Thursday, January 28, 2010

A Different Scene...

Just so you know, I am writing this at a very unique time in my life.  And to most it might not seem like much, whether we have nothing in common or in light of what I have been through the last several years.  But, to me it is different.

There is so much involved when you decide to home educate.  You have your normal "What will you teach them?" "Do you think that YOU can teach them?" "But, they won't have any friends?" And so on.  Then there's the family questions, "Can you afford to be a one-income family?" "What is wrong with the school you/I/relatives went to?" "You're going to make them freaks!"  Okay, the last one wasn't a question and has never been said to me, but you just know people think it!

Once you get past all of that and you have established your school routine, that's when you realized your child's WHOLE being is now completely resting in just YOUR hands!  That is beyond daunting.  But, seriously, who else is more capable than the parent?  This is not a debate on home education/public school.  This is the choice you have made because you feel it and now you have to live it.  

So...you are going about your daily routine and you get into your groove.  You will have bumps that are real and some are silly.  You grow and learn just as the student(s) do.  You get to know your kids in a way that you never knew was possible.  It's not in the Afterschool Special cheese type of way.  You can genuinely tell others you know your kids.  Mine are the best kind of people.  I can talk to them about anything and guess what?  They can reply with words and emotions everyone can understand!  The best of all is that they come to me the same way.  As a parent there are things we wish we would never, never, ever, ever, EVER have to discuss with them...but, you do and you're happy they came to you.  You realize them having friends and "getting out of the house" is not an issue - it is having to reel everything in once in a while!  

Now you are a seasoned homeschooler, you got flow going and then guess what?  AAAAHHHH!  What?  They're almost done???  When did that happen?  I am just NOW able to say that I am 100% comfortable with all my curriculum, activities, teaching methods, etc and you tell me that I am on borrowed time???  Do you enjoy playing with my emotions???


Okay, I am now past the freak-out point - by a hair.  You think it's hard when they're little and they are no longer needing mommy's help to walk, eat, etc.  For me I had moments of bitter-sweetness when they didn't "require" bedtime stories because they could "read all by themselves!" and similar situations.  For the home educator you have your time when you are not needed to instruct for every subject because they have learned to teach themselves (which is what you wanted - but it still stung a little, in a good way of course).  I have been able to tell them their assignments and they're off & running.  I am here for tests and any questions that come up, but they are becoming self-teaching adults; always seeking something new to learn about and are great about sharing/teaching others.  House runs smoothly.  We all know our departments and requirements (definite tongue-in-cheek comment) and the price for the incomplete. (Insert your own here ;)  

I'm cruising now...even with all the health problems we have endured, teaching my kids has always been my life and I take it very seriously.  You have to be disciplined, I am; you have to be dedicated, my motto; you have to be strong, I have God's strength and His wisdom.  I have been knocked-down and almost out.  One of my favorite things is that I love talking with other home educators and hearing about their journeys.  I've been away from them for awhile (I'm coming back!), but never have I been away from my kid's education.  God saved my life spiritually (a walk everyday) and physically (to be discussed at a later date :), and once again...feeling the groove...the adventure in homeschooling, my scene.


Guess what?  I am now realizing that my scene is changing.  Good...bad...  I don't think that comes into play here.  With kids you are ecstatic to see them walk, and then you realize "Uh-oh!

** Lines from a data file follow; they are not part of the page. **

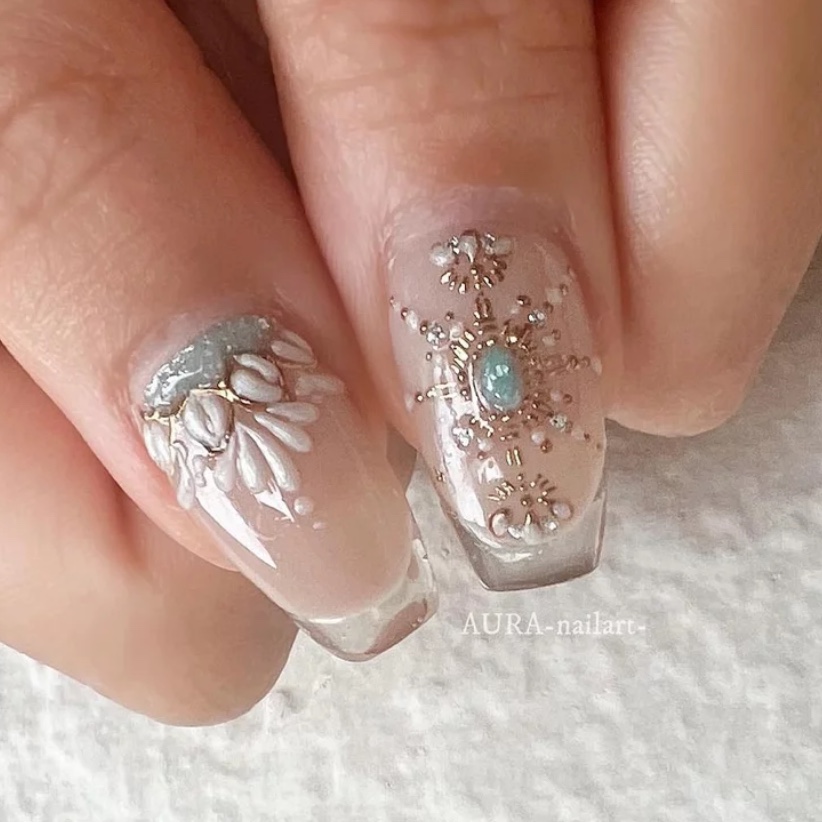 AURA_nailart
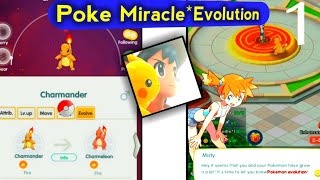 Poke Miracle | My First Pokemon Evolution |2020 Best Pokemon Game | Andromaster | Rohitz Gaming screenshot 1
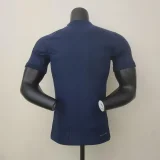 2022 France royal blue player version (The player version is more slim fit, it is recommended to buy one size larger)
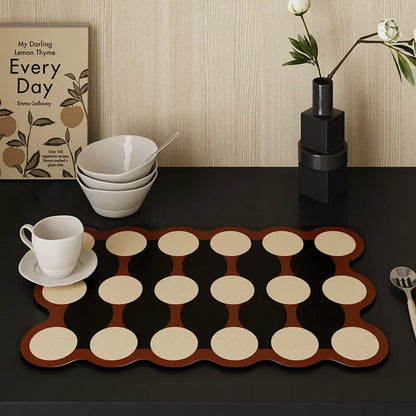 Protector Mat For Coffee Corner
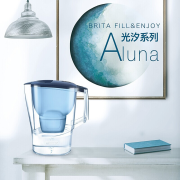 碧然德（brita） 滤水壶家用净水壶净水器Aluna光汐系列3.5L 碧然德滤芯 光汐水壶+标准版滤芯3芯（到手1壶4芯）蓝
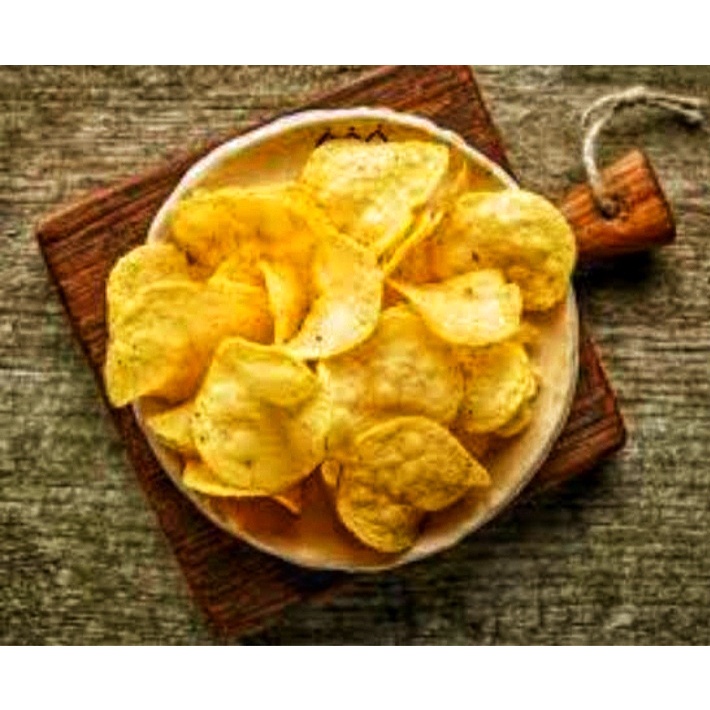 

Keripik Talas Gurih asin Original 250 Gram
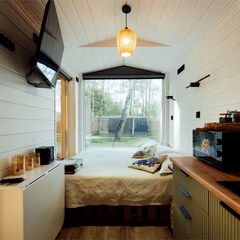 Глэмпинг Bazabanya, Московская область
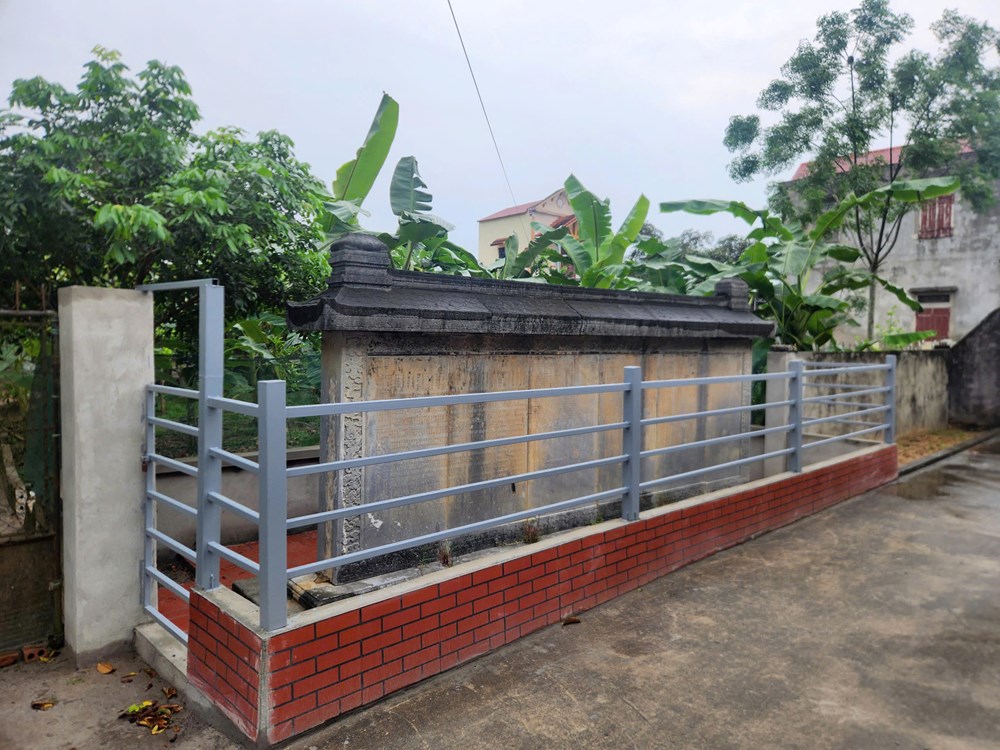 Khuôn viên di tích, hiện vật đã khang trang! - ảnh 2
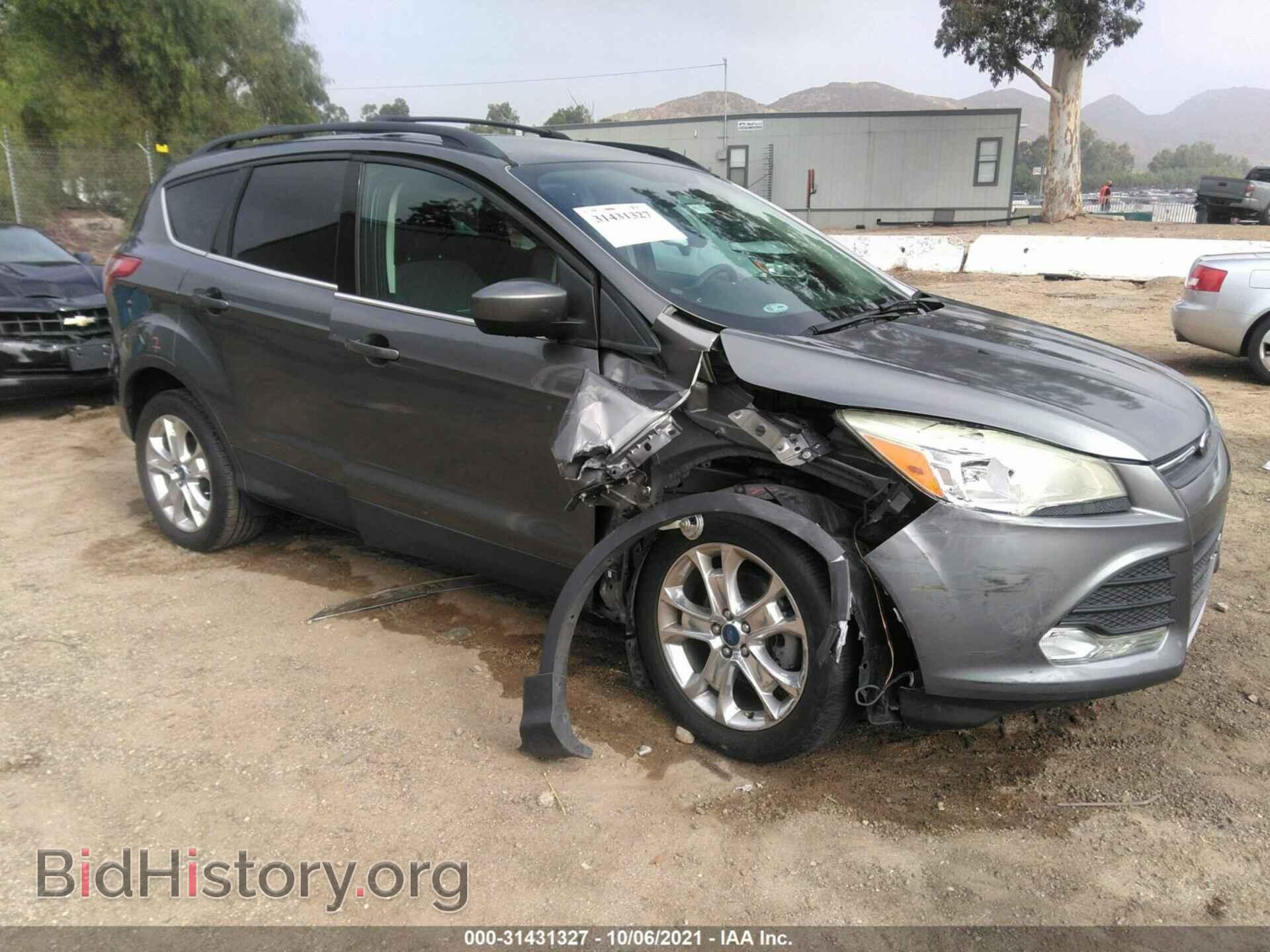 Фотография 1FMCU0GXXDUC24620 - FORD ESCAPE 2013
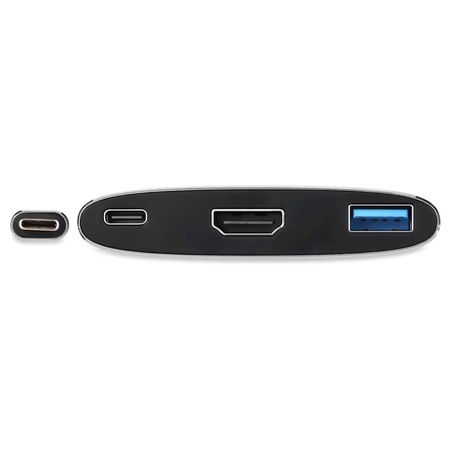 Enter E-C3H USB-C Hub with USB-C PD Port, HDMI Port, USB 3.0 Port, Black 4 Enter E-C3H USB-C Hub with USB-C PD Port, HDMI Port, USB 3.0 Port, Black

He's running into the street!" You teach them to talk and then, watch out...they never stop!  (Insert laugh here)  Especially girls, wow!  You love all of it and you're sad at the same time.  That's where I'm at...I see where they are "walking/running" and where their "words" are taking them.  Their futures look wonderful - they have plans.  Now...what about me?

Don't get me wrong, I am not upset by any means.  Usually I catch these things before they're on my heels.  Maybe I should say that I am intrigued about what is coming into my view now.  Do I have any ideas?  Welp...I still see myself involved with the home education movement.  We have a private school for home educators that my heart is forever in and I don't want that to go away unless we are not needed anymore.  I hope my kids home educate and they both expressed their desire to do so.  Certain materials and accoutrement have been put back as they have asked.  

My current scene has been so blessed, can you imagine what God has planned for my next scene? I am not scared or worried.  God has been with me this whole time, why would I doubt His love now?  I don't.  I am very interested in what is coming.